みんなが楽しめる美術館って?

1116日(木)『障害者福祉と文化芸術の関わりを考える勉強会』第3回を行いました。

今回は、ゲストである立浪佐和子さんが学芸員をされている、

横須賀美術館のワークショップルームをお借りしての開催となりました。

当日は第1回からご参加の方だけでなく、第3回からご参加の方も多くいらっしゃって、会場は満席になりました。

 

海辺に建つ横須賀美術館のワークショップルームには、海が眺める大きな窓があり、

快晴のこの日は、雲ひとつない空と青く広々とした海を見渡すことができました。

「横須賀美術館の魅力のひとつを堪能していただけそうです」と立浪さん。

 

2007年にオープンした横須賀美術館は、今年で10周年を迎えます。

開館以来、展覧会だけでなく、教育普及事業の一環として、福祉関連事業にも力を入れられてきたそうです。手探りで進めて来られた、教育普及活動を支える5つの柱の中で、「すべての人に開かれた美術館」を目指す福祉活動の展開について主にお話いただきました。

 

開館当初は、「床や室内を汚すことを気にせず芸術活動をしたい」などの要望に、設備的・人員的に対応が難しかったことがあったそうで、そこから自分たちにできるサポートを考え、今のかたちになったと言います。

最初にご紹介いただいたのは、特別支援学校に赴き、横須賀美術館に出かける前に行なわれる出前授業についてです。どう鑑賞すればいいか、一見とっつきづらい美術作品の、多様な見方を提示しながら、美術館の楽しさを伝える授業を行い、実際の鑑賞へとつなげていきます。

 

また、開館当初から続けていらっしゃる、障害児向けワークショップの「みんなのアトリエ2017」についてもご紹介くださいました。参加対象は、20歳以下の障害児者というだけで、障害の程度は問いません。また、普段はケアをする側でもあるご兄弟も積極的に誘って、誰でも参加できる枠組みを作りました。

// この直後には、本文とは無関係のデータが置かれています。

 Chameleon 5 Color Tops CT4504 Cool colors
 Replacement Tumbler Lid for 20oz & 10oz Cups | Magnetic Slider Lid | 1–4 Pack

年に12回は、障害のある方を対象としたワークショップやパフォーマンスも開催されています。ダンスや音楽、人形劇など、テーマもさまざまに開催し、障害者とアーティストの出会いの場づくりを行ってきました。

2005年から行われている福祉講演会では、「視覚障害者の美術鑑賞」をひとつの切り口にして、「触察本」の先行事例や、「さわれる美術作品」を触覚によって鑑賞する活動について、海外のすぐれた事例を紹介してきました。

一方で、紹介はしてきたものの、横須賀美術館でどのように実際取り入れていくかということについては、まだまだこれからだとおっしゃいます。

見ればわかる、という美術のあり方から、それぞれの人に合わせた鑑賞の方法を提示するために、どのようなやり方をすれば、何を排除すれば絵の本質に近づくのだろうかという模索は続いています。

 

「手探りでやってきた10年、完成したかたちはありません。

決まったひとつのかたちはなく、たくさんメニューがあって、その人にあったものを提示できることが理想です」と、立浪さんは語ります。

 

今後の課題として、地域の福祉施設との連携について挙げられました。

さまざまな取組に、横須賀市内からの参加者が少ないこともあり、市内の障害福祉のコミュニティへのアプローチを始めています。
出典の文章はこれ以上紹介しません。